There will be until DVLA receive the v5 doc saying it's sold it will be taxed. Sold mine on 26th July and sent v5 slip immediately as if they didn't receive it until 1st August I would lose another months refund. Checked tax situation online daily and it showed as taxed until 31st.


----------



## Darlofan (Nov 24, 2010)

If you're not driving your current car you can ring your insurance up as you buy new one and transfer there and then. If you need both insuring you'll need to take out temp insurance for extra car which will cost a bit but might be your only option.


----------



## ZAFBLOKE (Mar 6, 2015)

Darlofan said:


> There will be until DVLA receive the v5 doc saying it's sold it will be taxed. Sold mine on 26th July and sent v5 slip immediately as if they didn't receive it until 1st August I would lose another months refund. Checked tax situation online daily and it showed as taxed until 31st.

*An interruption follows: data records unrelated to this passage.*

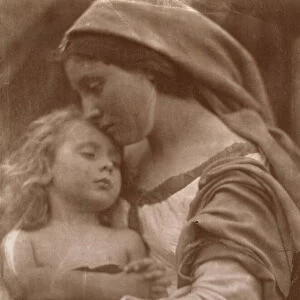 Portrait of mother and child (b / w photo)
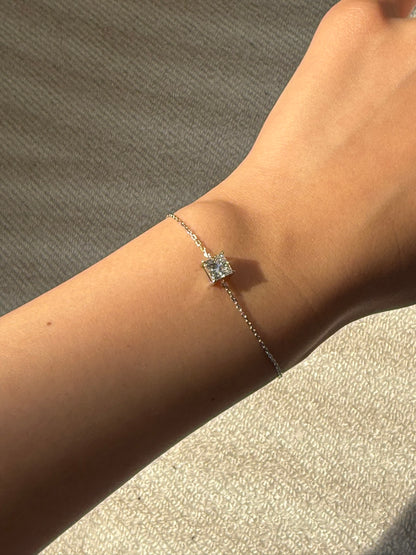 Princess-cut diamond bracelet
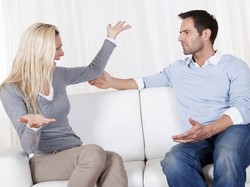 Kekasih Berlaku Kasar, Pantaskah Hubungan Dipertahankan?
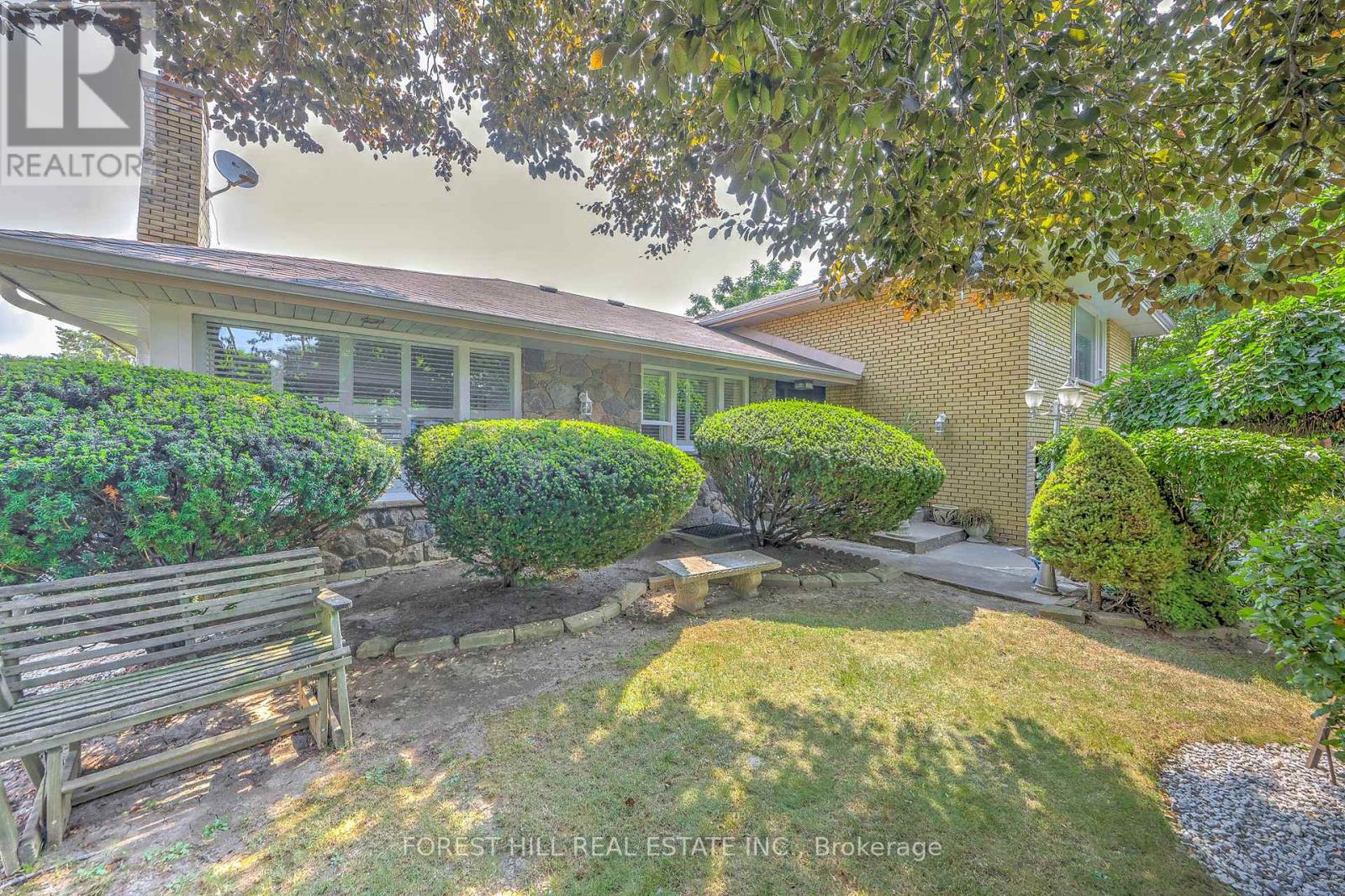 89 Portage Avenue, Toronto, Ontario  M9N 3H2 - Photo 3 - W12414247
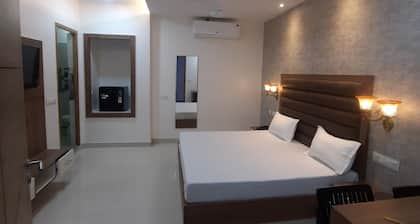 THE HIGHCLASS HOTEL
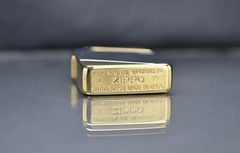 Zippo tái bản 1941 mạ vàng kẻ chéo số giới hạn ZN293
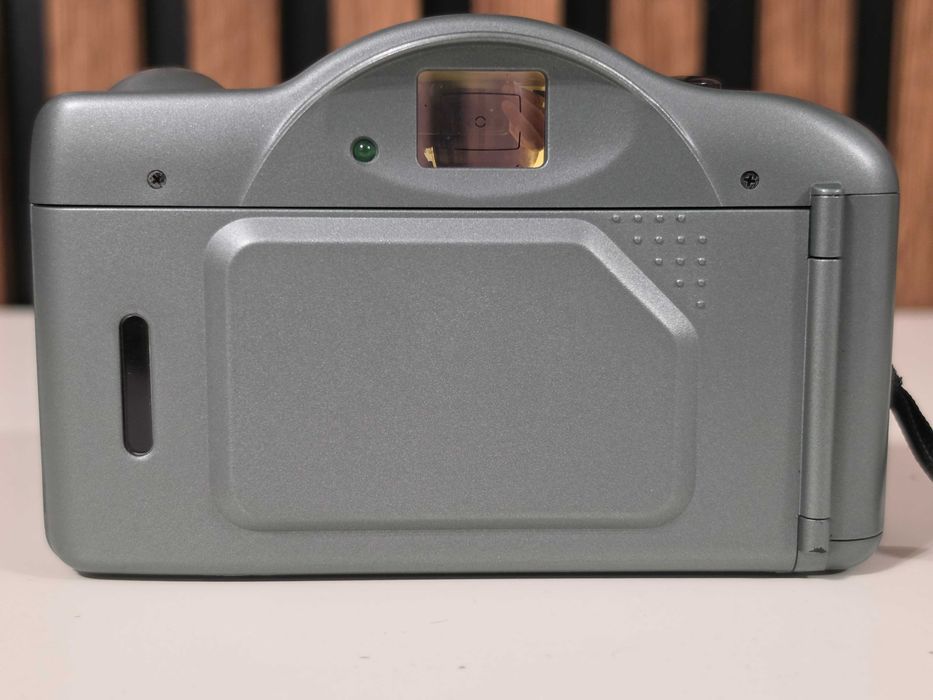 Y2K Aparat foto pe film Polaroid 900 AF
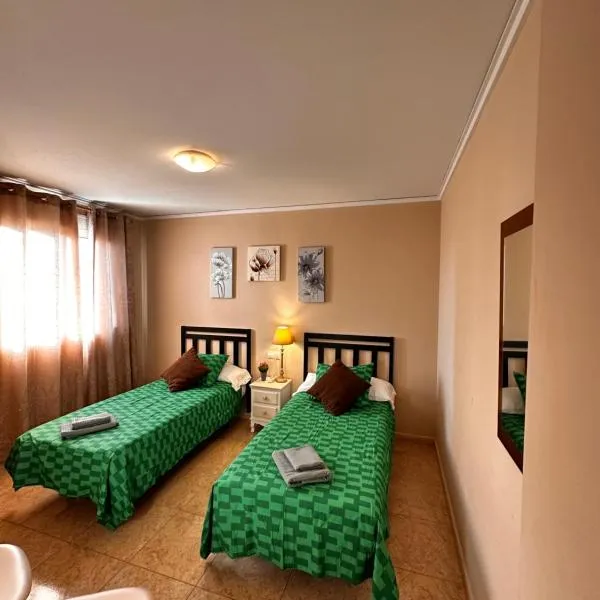 DUPLEX COMPLETO 8 CAMAS La POBLA LLARGA, hotel in Puebla Larga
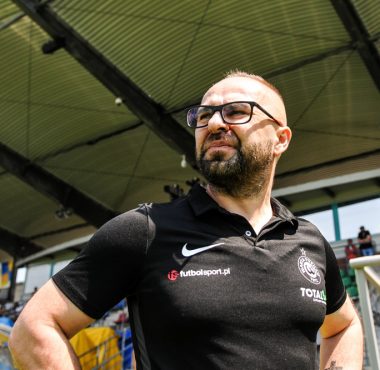 Miedź Legnica - Warta Poznań 0:0. Trener Piotr Tworek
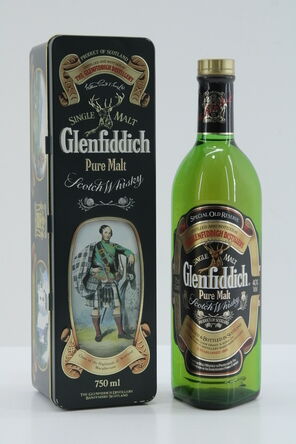 Glenfiddich Special Reserve Clans Of The Highlands Of Scotland Macpherson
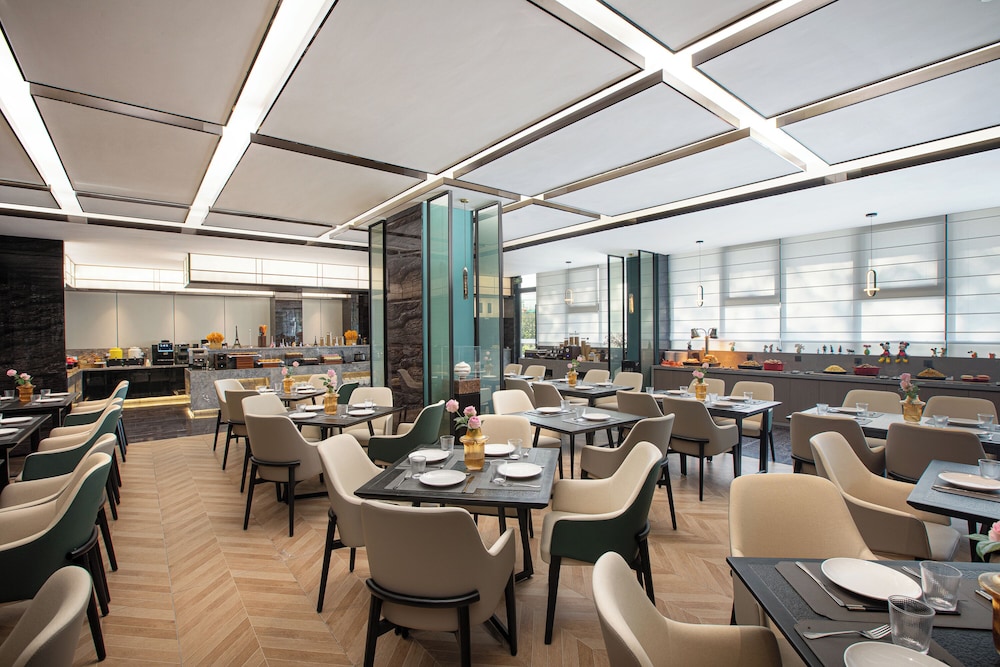 Vienna International Hotel Shanghai Pudong Huinan 35/50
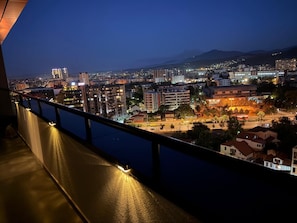 A nighttime cityscape with a view of buildings and a river. - Luxe Residence, 2BR, Skopje Central, Riverside, Vodno View, AC (Skopje)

Sorry not the case the law has changed, new owner new tax and any tax that was on it is void to the new owner Sending back the V5 tiggers a refund of any outstanding months bar the month it was sold and that is the con were DVLA make a killing

In short buy a car go online and tax it or a post office if their is one nearby, furthermore if you brought a car that is in a different taxation class to the one you need disabled an example then can only be done at a post office and following years online


----------